» THE PROBLEM: I need the lines from the one containing "Set of fifteen" through the last line of the entries retyped exactly, with no pictures among them.

================================

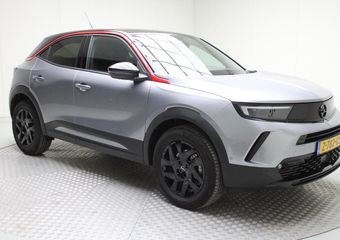 Opel MOKKA Electric Level 4 50 kWh | NL-auto | climate | pdc v/a+ camera | navi | carplay | dode hoek | cruise | bluetooth | spiegels elec. inklapbaar | keyless | stoel/stuur verwarming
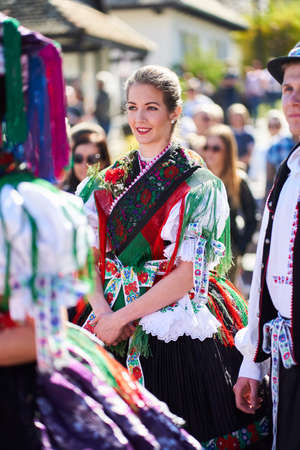 Portrait of a young woman dressed in a traditional folk costume in Holloko village, Hungary country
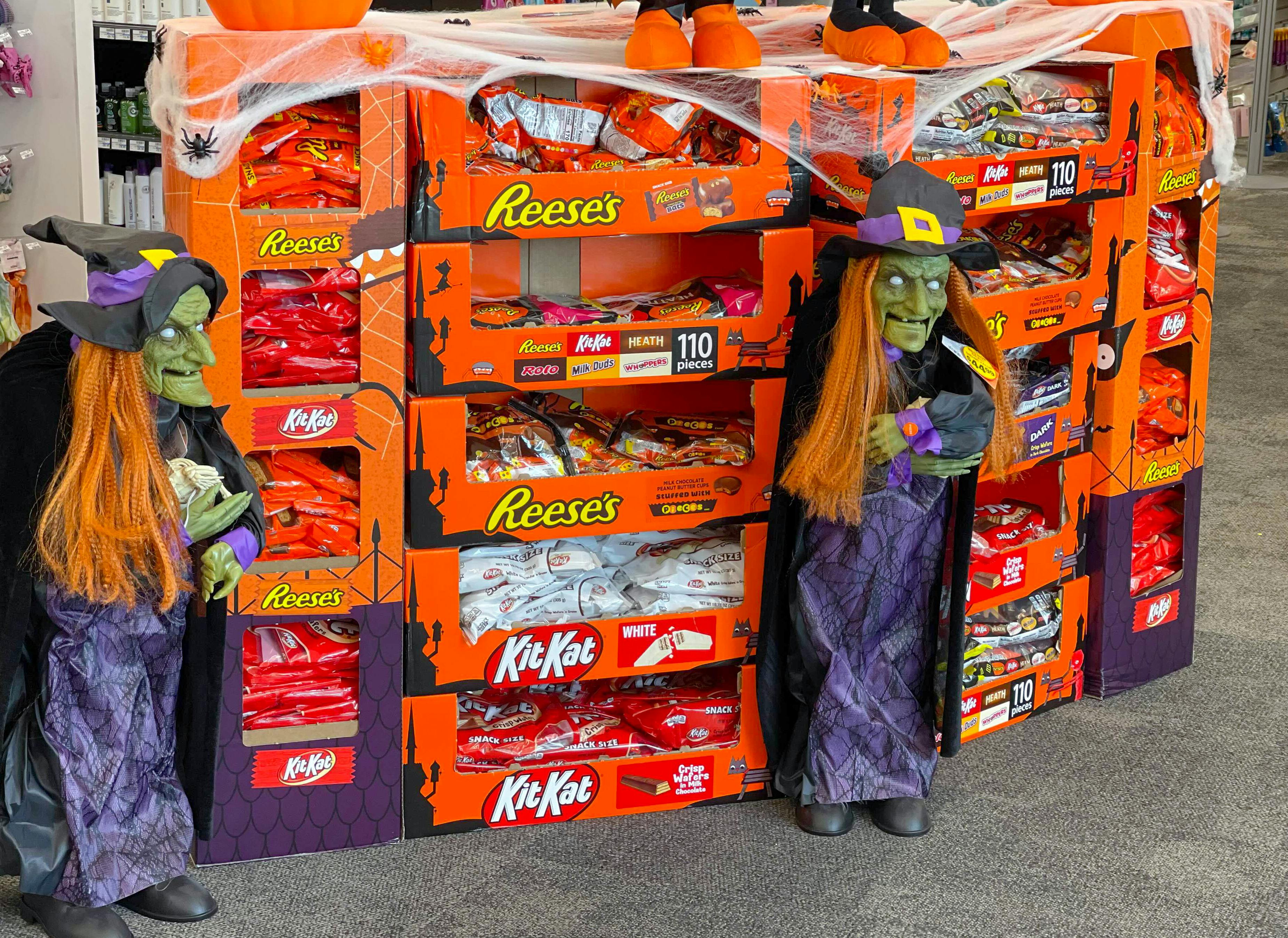A display of Halloween candy and some witch decorations at a store.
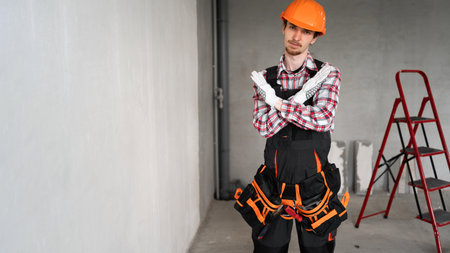 Young construction worker or builder man wearing blue overalls showing rejection expression crossing arms with angry faceの写真素材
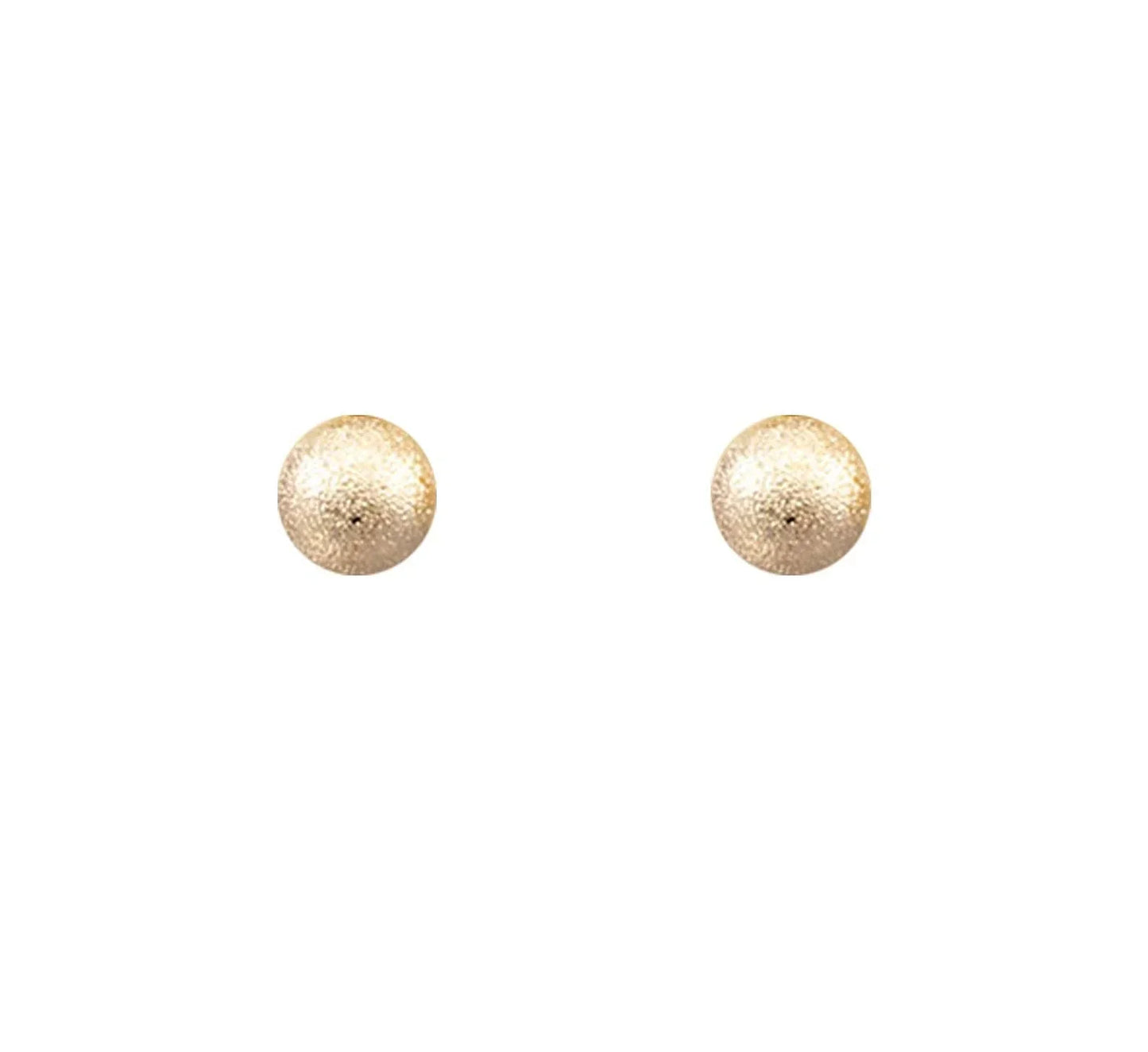 Textured gold ball stud earrings on white background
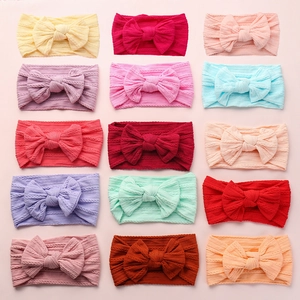 Set of fifteen colorful jacquard nylon bow headbands for baby girls in 5x3 grid layout
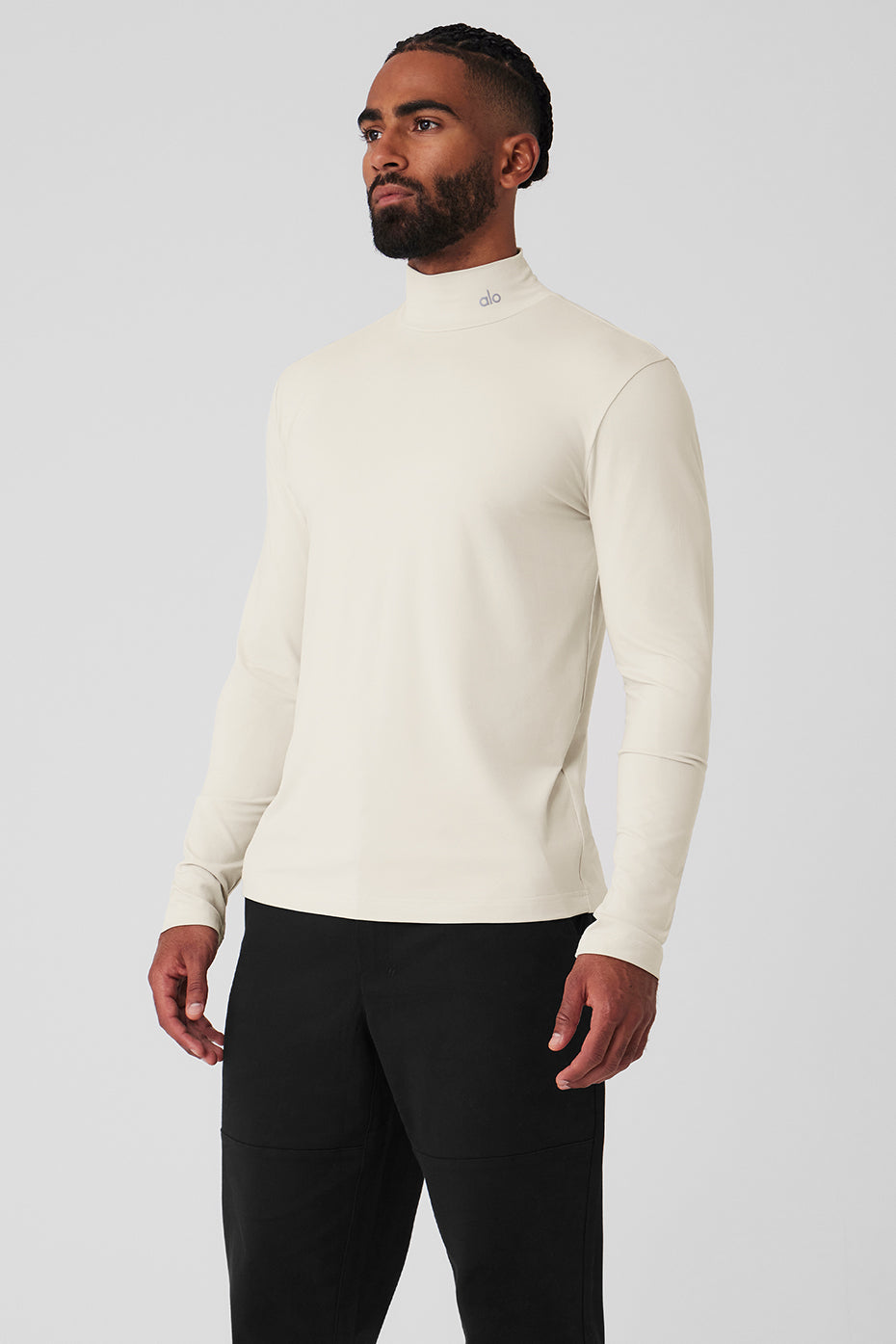 Model wearing the sleek long sleeve top with mock neck, demonstrating its fit and versatility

================================

» ANSWER TO THE EXERCISE:
 Set of fifteen colorful jacquard nylon bow headbands for baby girls in 5x3 grid layout
 Model wearing the sleek long sleeve top with mock neck, demonstrating its fit and versatility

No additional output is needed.